Schweiz I: Die Schweiz stellt zusätzliche 78 Personen und 7 Unternehmen auf die Sanktionsliste gegen Belarus. Die Auflagen sind eine Reaktion auf die Zwangslandung einer Ryanair-Maschine und die Verhaftung des Bloggers Roman Protassewitsch sowie dessen Freundin Sofia Sapega Ende Mai.
Schweiz II: Im kommenden Jahr steigt die CO2-Abgabe auf neu 120 statt wie bisher 96 Franken pro Tonne. Dies, weil die Schweiz ihre Reduktionsziele bei den Emissionen aus der Verbrennung von Heizöl und Erdgas verpasst hat.
USA: Neue Wendung im Prozess um die umstrittene Vormundschaft über die Sängerin Britney Spears. Ihr langjähriger Pflichtverteidiger will sein Mandat niederlegen. Ein Tag bevor der Antrag von Spears' Anwalt publik wurde, hatte der Manager des Popstars gekündigt.
Finnland: Im äussersten Norden des Landes werden derzeit 33,5 Grad gemessen – die Temperaturen sind so hoch wie noch nie in 177 Jahren. Auch Schweden und Norwegen leiden unter einer Rekordhitze.
Kanada: Mit Mary Simon wurde erstmals eine Angehörige der indigenen Gruppe der Inuk zur Generalgouverneurin ernannt – also zur Repräsentantin der britischen Königin Elizabeth II. im Commonwealth-Staat. Das Land wird derzeit von der Entdeckung von Massengräbern erschüttert, die auf die gezielte Ermordung von indigenen Kindern deuten.
Kenia: Das ostafrikanische Land will nach einem Masernausbruch mit 16’000 Mitarbeitern in Tausenden Impfzentren 4 Millionen Kinder gegen die Infektionskrankheit impfen.
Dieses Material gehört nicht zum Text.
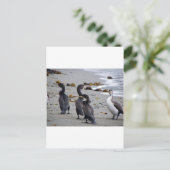 Pied Shags Postkarte (Stehend Vorderseite)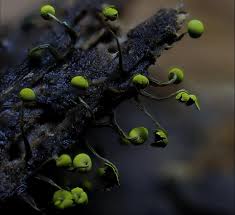 Attēlu rezultāti vaicājumam “Physarum viride var. incanum stalked”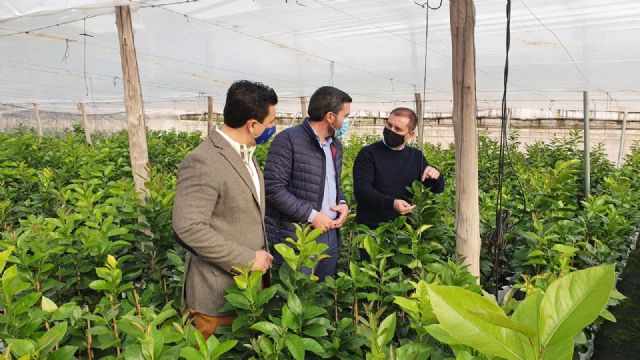 El Gobierno regional pide al Estado que agilice el reconocimiento de fitosanitarios para garantizar la competitividad del sector agrario - 1, Foto 1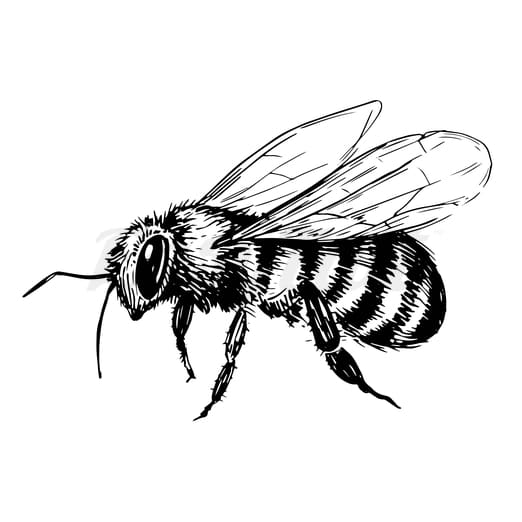 Standing Bee - Temporary Tattoo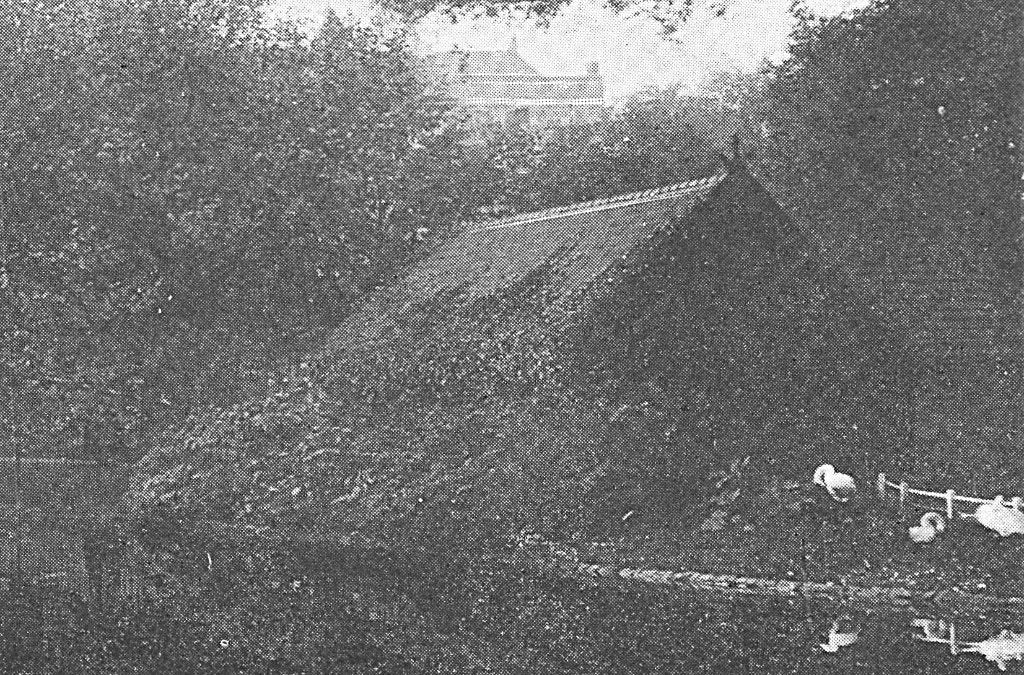 700341 Amsterdam Hortusplantsoen Begin vorige eeuw Gelopen, Ophalen of Verzenden, Voor 1920, Gelopen, Noord-Holland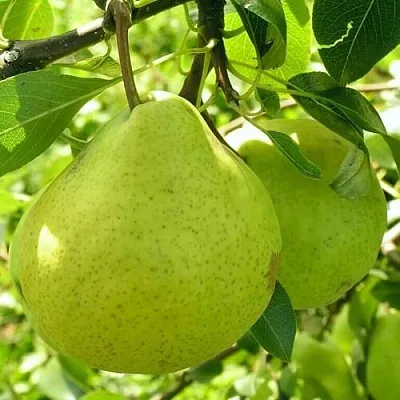 Груша ДАЛИКОР колонновидная  Груша ДАЛИКОР колонновидная в Домодедове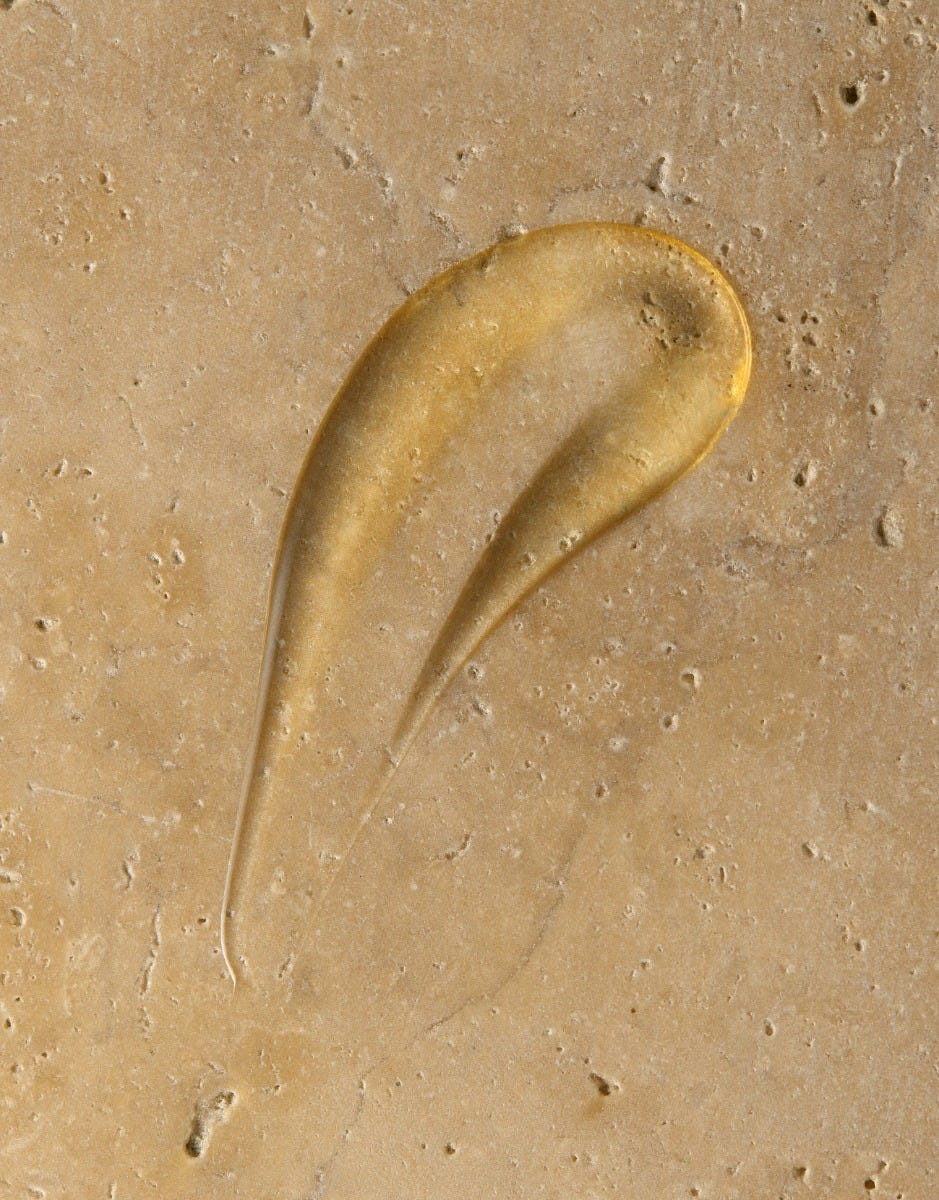 Moroccanoil | Hand Wash • Ambre Noir (360ml)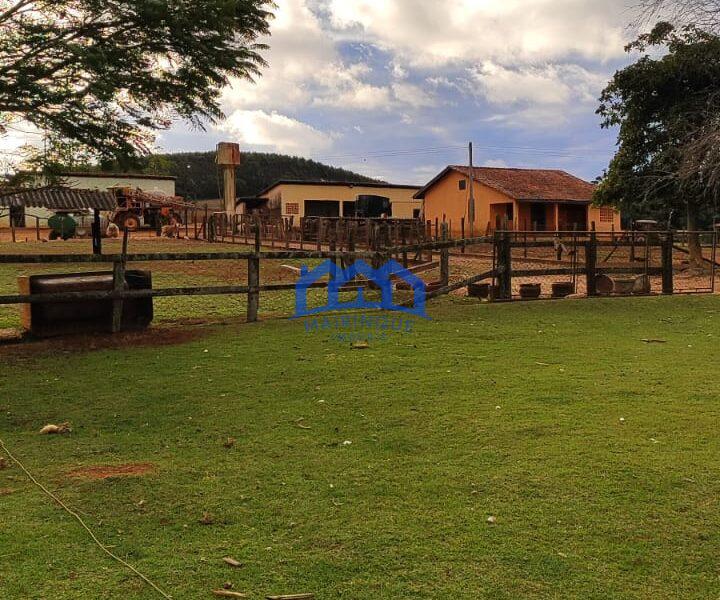 Sítio/Fazenda à Venda, 80 alqueires por R$ 24.000.000 Cód. ch2270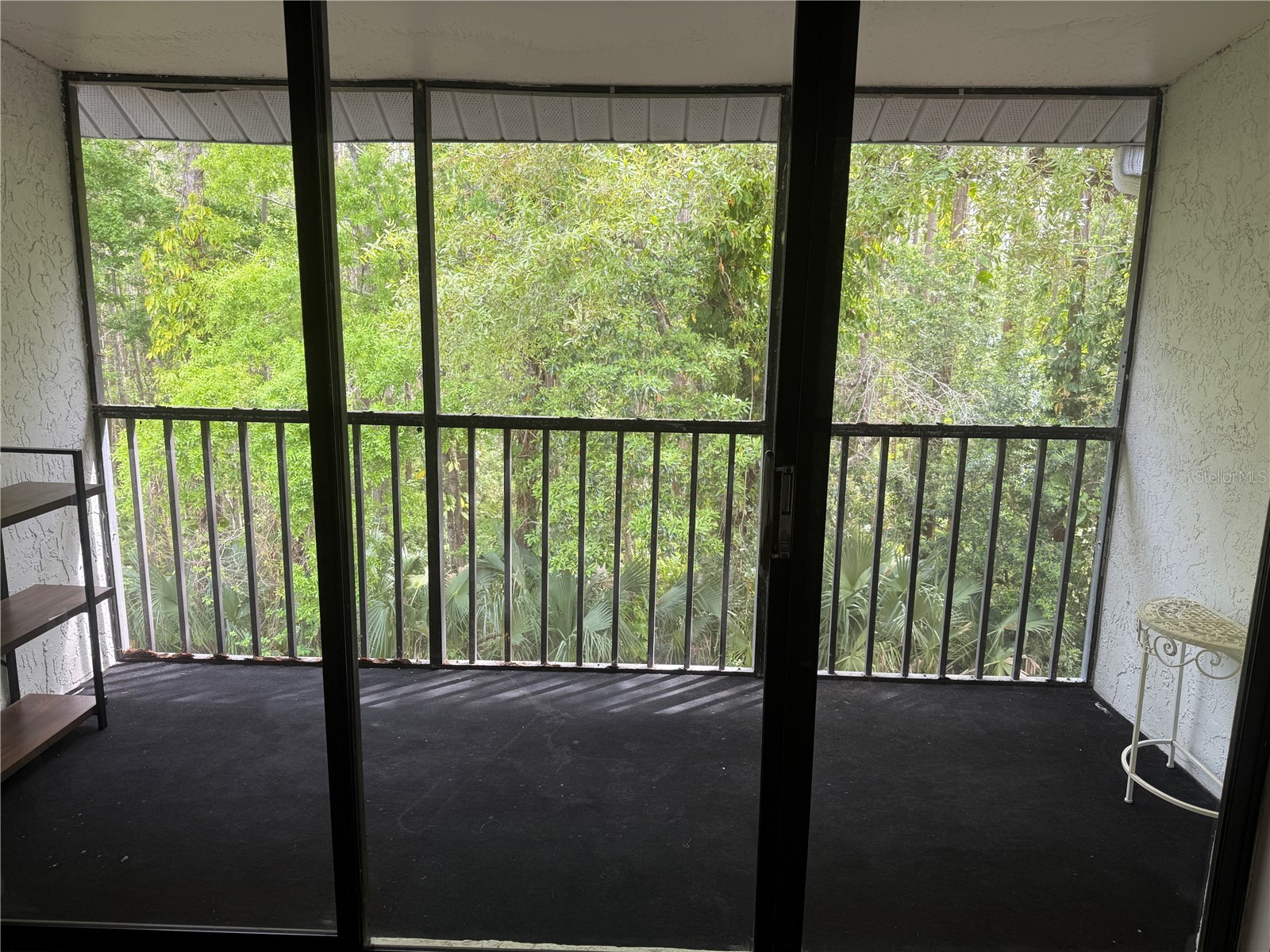 1236 Pine Ridge Circle W #G3 Tarpon Springs FL 34688 TB8490297 image6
Die Impfungen waren seit Beginn der Corona-Pandemie mehrheitlich ausgesetzt worden.
Südafrika: In der Nacht auf Donnerstag hat sich der Ex-Präsident des Landes, Jacob Zuma, der Polizei gestellt. Er war vergangene Woche zu einer Haftstrafe von 15 Monaten verurteilt worden, weil er eine gerichtliche Vorladung ignoriert hatte. Gegen Zuma läuft derzeit ein Prozess wegen diverser Korruptionsvorwürfe.
Die Top-Storys
Der Tote von Tram 2. Ein Mann stirbt in einem Zürcher Tram und fährt sechs Stunden unbemerkt durch die Stadt. Wer war er? Und wie konnte das passieren? Die NZZ am Sonntag hat sich auf Spurensuche begeben.
Inselstaat versus Supermacht Taiwan ist de facto ein unabhängiger Staat. Peking akzeptiert das nicht. Die versuchte Einflussnahme aus China ist gewaltig. Arte zeigt in einer einstündigen Dokumentation, wie eine junge Generation computeraffiner Menschen in Taiwan dagegenhält.
Reha für Korrupte. Nicht nur verurteilten Gewaltverbrechern droht nach dem Knast ein Rückfall. Das haben die Behörden in Spanien erkannt. Und das, wie sie sagen, weltweit erste Rehabilitationsprogramm für Betrüger und Korrupte gestartet. Mit in Behandlung: der Schwiegersohn des früheren Königs.